Bill Chambliss, a transformative force in conflict theory, the sociology of law, and criminology, died on February 22. Told he had little time to live when first diagnosed with cancer seven years ago, Bill characteristically broke all the rules. He lived with cancer as he had lived his life: on his own terms. Bill continued his research, published, traveled extensively, and taught until the very end. As he told me seven years ago, “I’ve never been afraid of living, and I’m not afraid of dying.”
Bill Chambliss was indeed unafraid. Despite spending long hours in the library and the archives doing research, he much preferred to be where the action was. As he explained in his paradigm-changing book On the Take: “Going to the streets of the city, rather than the records, may bring the role of corruption and complicity between political, economic, and criminal interests into sharp relief.” During the course of a productive 50-year career, Bill repeatedly went to the streets. He hung out with such notorious organized crime chiefs as Meyer Lansky as well as low-level drug dealers and petty criminals in Seattle; poppy growers, heroin traffickers, and CIA chiefs in Thailand’s Golden Triangle; and pirates of many stripes, whenever he could find them.
Bill had a yearning for the street; he simply loved to be among those who were on the receiving end of an exploitive social system shaped by race and class. Even when not officially conducting research, he headed for the street. One personal example: After we arrived in Juneau after three sleepless rain-soaked nights camping on the deck of the Alaska State Ferry, Bill somehow managed to find an all-night poker game at a local Inuit hangout. (My wife and I headed straight to the nearest hotel; Bill claimed he won $100.) He had an unerring gift for seeking out those who lived in the ragged quarters, and a unique talent for framing their challenges in larger sociological terms. Bill’s research exemplifies the very best of C. Wright Mills’ sociological imagination. Bill lived the sociological imagination.
Bill had a yearning for the street; he simply loved to be among those who were on the receiving end of an exploitive social system shaped by race and class.
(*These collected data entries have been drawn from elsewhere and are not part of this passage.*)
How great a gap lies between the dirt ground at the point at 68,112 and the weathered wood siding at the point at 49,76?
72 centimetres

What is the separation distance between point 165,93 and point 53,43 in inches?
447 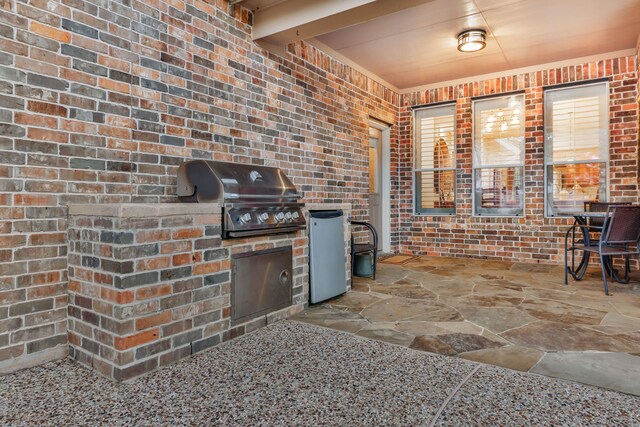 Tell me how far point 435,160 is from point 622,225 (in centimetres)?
309

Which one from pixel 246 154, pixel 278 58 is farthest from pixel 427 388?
pixel 278 58

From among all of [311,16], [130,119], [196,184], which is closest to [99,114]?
[130,119]

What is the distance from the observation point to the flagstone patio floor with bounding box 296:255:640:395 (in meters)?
2.27

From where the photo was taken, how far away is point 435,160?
21.9 ft

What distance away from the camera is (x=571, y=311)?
3.28 meters

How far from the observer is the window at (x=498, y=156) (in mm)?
5988

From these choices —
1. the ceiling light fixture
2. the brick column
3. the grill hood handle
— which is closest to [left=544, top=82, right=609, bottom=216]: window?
the ceiling light fixture

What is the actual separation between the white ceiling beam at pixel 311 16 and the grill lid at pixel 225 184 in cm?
150

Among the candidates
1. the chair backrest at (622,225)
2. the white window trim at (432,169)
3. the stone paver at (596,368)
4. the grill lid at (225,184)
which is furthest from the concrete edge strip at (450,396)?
the white window trim at (432,169)

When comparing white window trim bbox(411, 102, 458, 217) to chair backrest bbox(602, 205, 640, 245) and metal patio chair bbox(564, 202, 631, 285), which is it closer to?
metal patio chair bbox(564, 202, 631, 285)

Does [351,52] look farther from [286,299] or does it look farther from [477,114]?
[286,299]

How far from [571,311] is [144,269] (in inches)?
132

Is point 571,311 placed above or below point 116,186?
below

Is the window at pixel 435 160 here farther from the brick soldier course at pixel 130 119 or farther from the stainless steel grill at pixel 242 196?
the stainless steel grill at pixel 242 196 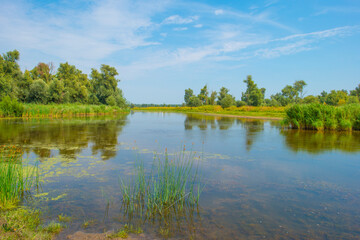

After earning his sociology B.A. in 1955 under the tutelage of Don Cressey at UCLA, Bill spent a year hitchhiking between labor camps as a migratory farm worker. There he learned first-hand about the everyday lives of the men, women, and children who lived in the most ragged of quarters. These were experiences that came to shape his work. After getting his sociology Ph.D. in 1962 at the University of Indiana, where he studied deviance under Alfred R. Lindesmith, Bill accepted an assistant professor position at the University of Washington in Seattle. He soon moved away from explaining crime and deviance in terms of such then-standard sociological framings as differential association (Cressey) or symbolic interactionism (Lindesmith). Bill instead began to develop his own approach, helping to shape the newly emerging theoretical framework termed conflict theory. This approach, radical in the early 1960s, traced its origins to Marx’s emphasis on the universality of social conflict in class-based societies. Conflict theory argued that societies are best understood in terms of structurally embedded conflicts between social groups, as opposed to the then-prevailing functionalist view of societies as systems whose components inevitably function to produce overall social system stability.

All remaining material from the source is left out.